Die Kinematik ungewollter Differenzierung

Eckart Müller

„Versteh’ ich überhaupt nicht, der geht besser links als rechts rum. Dabei ist alles hundertprozentig gerade!“ Wem ist dieser Satz noch nicht begegnet. Handelt es sich bei dem betreffenden Modell um einen Segler, fällt zumindest die Möglichkeit des falschen Seitenzugs des Motors weg. Daneben gibt es noch etliche andere Ursachen für diese Eigenheit eines Modells. Ein Grund für eine derartige Unart könnte in der Anlenkung des betreffenden Ruders liegen. Meist wird die Anlenkung in erster Linie unter Festigkeitsgesichtspunkten ausgeführt. Wichtig ist, dass sie hält. Das ist zweifellos richtig. Aber das ist nicht der einzige Aspekt, der bei einer Ruderanlenkung beachtet werden sollte. Um beim späteren Betrieb unangenehme Überraschungen zu vermeiden, sollte der Geometrie von Ruder, Ruderhorn, Anlenkung und Servo etwas Beachtung geschenkt werden.

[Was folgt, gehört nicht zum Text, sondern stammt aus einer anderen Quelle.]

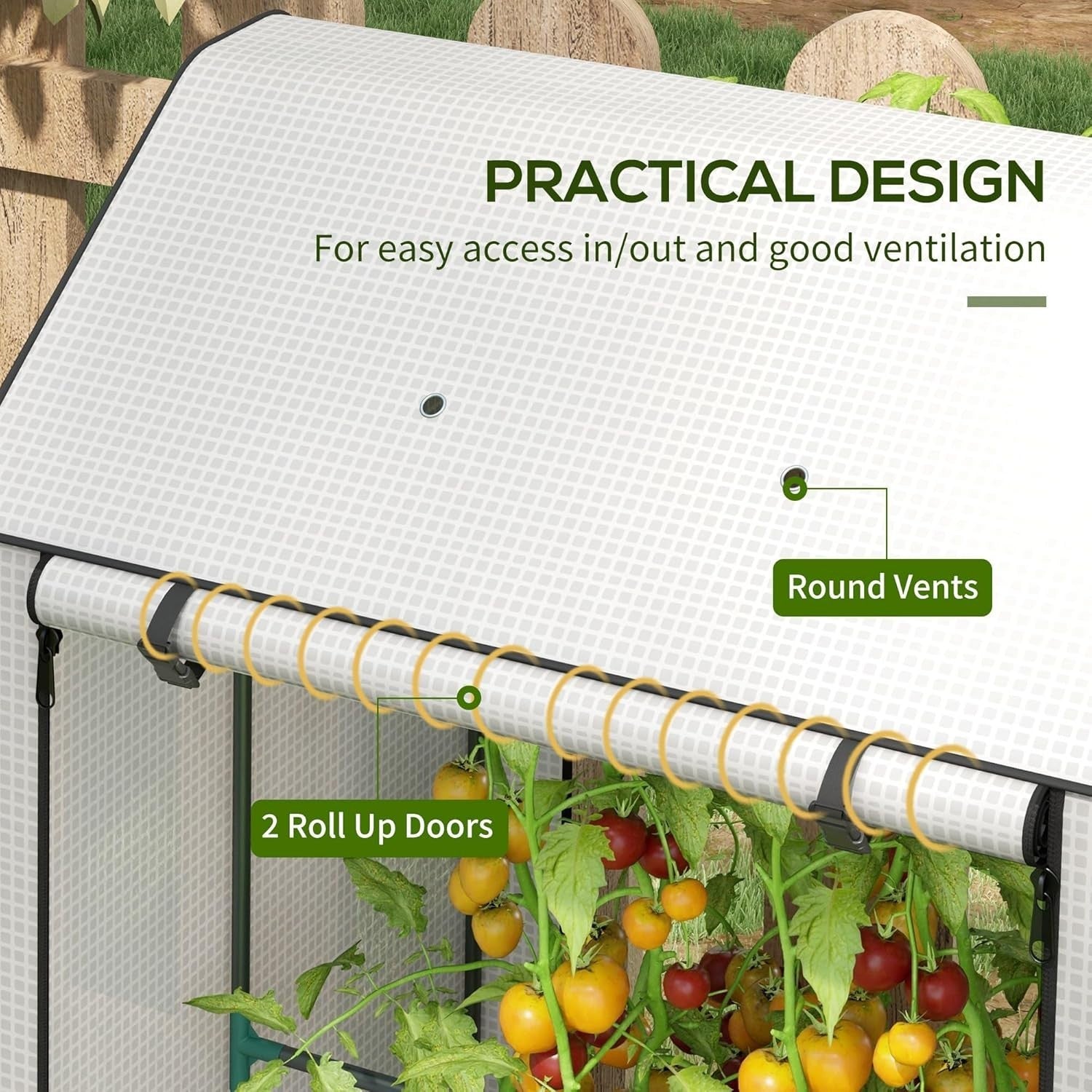 Mini Greenhouse with 4 Shelves | Portable Garden Grow House | Roll-Up Door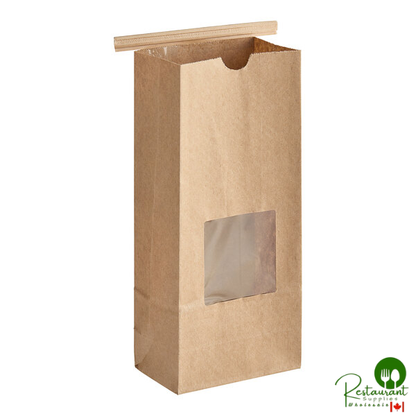 4 1/4" x 9 3/4" 1 lb. Brown Kraft Customizable Tin Tie Cookie / Coffee / Donut Bag with Window By Prime - 1,000/Case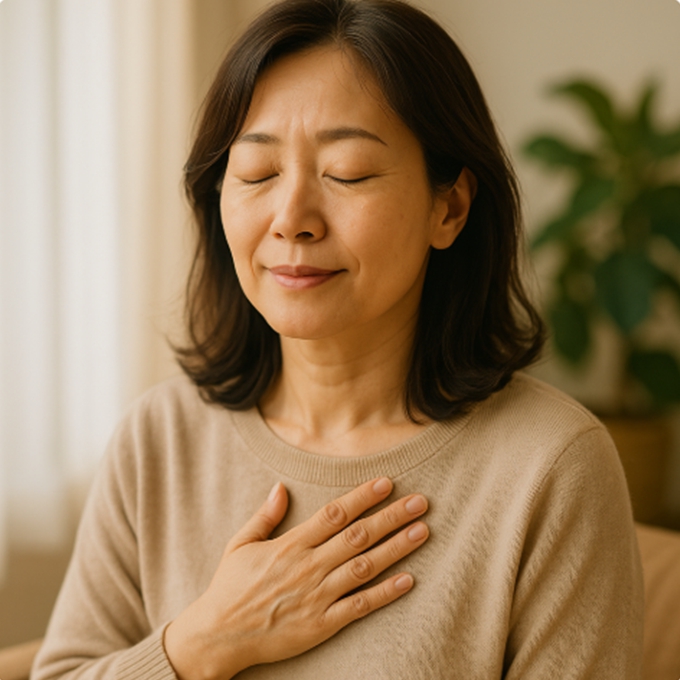 아침 햇살 아래 평온한 표정으로 눈을 감고 있는 여성의 모습, 안정과 회복을 상징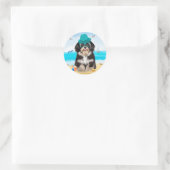 Sticker Rond Chien Havanais sur la plage (Sac)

Zunächst die ideale Ausführung. Hier geht einerseits die Senkrechte auf der Mittellinie des Ruders durch den Anlenkpunkt des Rudergestänges und die Achse des Ruders. Andererseits verläuft die Achse des Rudergestänges parallel zur Neutralstellung des Ruders. Zu beiden Seiten gleiche Servoausschläge vorausgesetzt, ergeben sich so völlig symmetrische Ruderausschläge.

Ein möglicher Fehler: Das Rudergestänge steht in der Neutralstellung nicht rechtwinklig zum Ruderhorn. Ob das Gestänge nun auf seiner gesamten Länge oder ob nur das freie Ende unmittelbar vor dem Ruderhorn nicht korrekt eingebaut ist, spielt für die Fehlfunktion keine Rolle. Das Ergebnis ist in beiden Fällen gleich schlecht. Auch hiermit handelt man sich eine unerwünschte Differenzierung ein.

In dem dargestellten Fall hat ein Fehler von ca. 8° eine Differenzierung von fast 2° zur Folge! Häufig kann man noch ganz andere „Schrägungswinkel“ beobachten.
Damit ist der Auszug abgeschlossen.